Yao Qin, netease Big data expert and Apache Spark Committer, and Chen Qi, principal of OLAP of Youzan Infrastructure Group, attended the big data special session of netease Digital Technology Salon jointly held by Netease Digital And Intel. Five experts including Xu Cheng, Intel Senior Software development project manager, Apache Hive Committer, Lei Jianbo, netease cloud music data expert, and Gu Ping, netease Shifan big data product expert. They shared their teams’ latest practices on topics such as Serverless Spark, ClickHouse, Spark/Flink acceleration, data warehousing, and data products.

Kyuubi: Open source enterprise Serverless Spark framework

Yao Qin, a Big data expert and Apache Spark Committer of netease, shared the original research and development intention, design key points and practice of Kyuubi, the open source project of Netease. Kyuubi is a distributed JDBC service that follows HiveSever2’s RPC implementation. With Spark’s multi-tenant capabilities, it can be an ideal Hive QL migration platform for Spark SQL. Second, the Compiler(Compiler optimization) and Runtime (execution) of the entire SQL are all implemented by Spark, which can achieve excellent performance. Under this framework, netease Shufan integrates some advanced features of Kyuubi and Spark and starts the Journey of Serverless Spark (Spark as a Service).

Kyuubi encapsulates Spark high-level apis and provides them through THE C/S architecture. Users are unaware of Spark concepts and frameworks and more focused on their own services and data. This can meet the direct needs of more people and more businesses for big data.

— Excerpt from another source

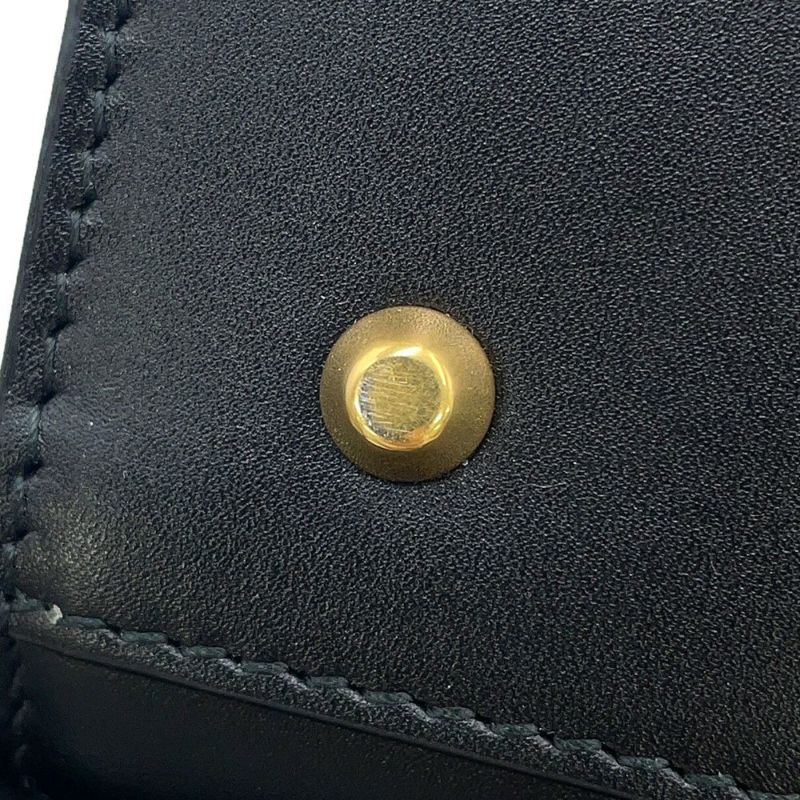 ディオール ハンドバッグ スモール ボストンバッグ ボックス レザー M8671UBEQ Christian Dior 2way 黒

Within netease, Kyuubi has helped netease media business smooth migration from Hive QL tasks to Spark SQL, reducing overall time consumption by 70% and improving overall performance by 727% while saving computing resources by 50%. In addition, the team is helping the business line migrate Spark jobs from the YARN cluster to Kubernetes.

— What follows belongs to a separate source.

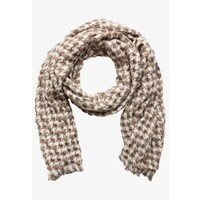 Street One Bubble Houndstooth Long Sjaal Rocky Brown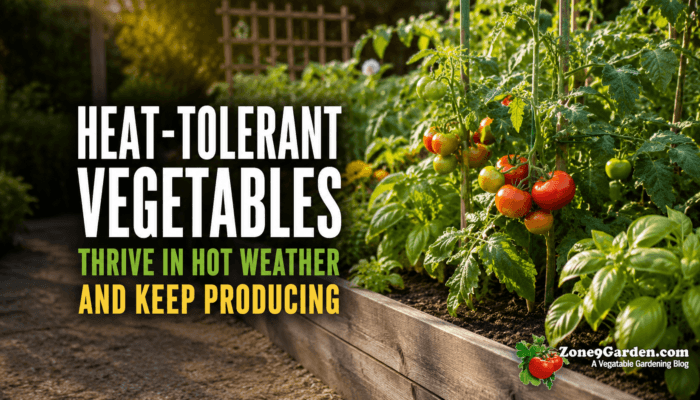 Heat tolerant Vegetbales to grow in Zone 9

Video playback: www.bilibili.com/video/BV116…

PPT download: sq.163yun.com/resource/do…

Kyuubi open Source: github.com/NetEase/kyu…

ClickHouse is optimized in the use of likes

Qi Chen, OLAP director of ClickHouse Infrastructure group, introduced ClickHouse in three aspects: 1) Development of ClickHouse in ClickHouse, platform construction, application scenarios such as DMP, SCRM, CDP implementation and optimization. 2) Off-line read and write separation of hundreds of billions of levels of data, using off-line write K8s to temporarily build clusters to achieve off-line data read and write separation, so as to solve the business development problem of more write and less read. 3) I explored POC of the new database by myself, trying to integrate Doris and ClickHouse to solve the pain points of both sides.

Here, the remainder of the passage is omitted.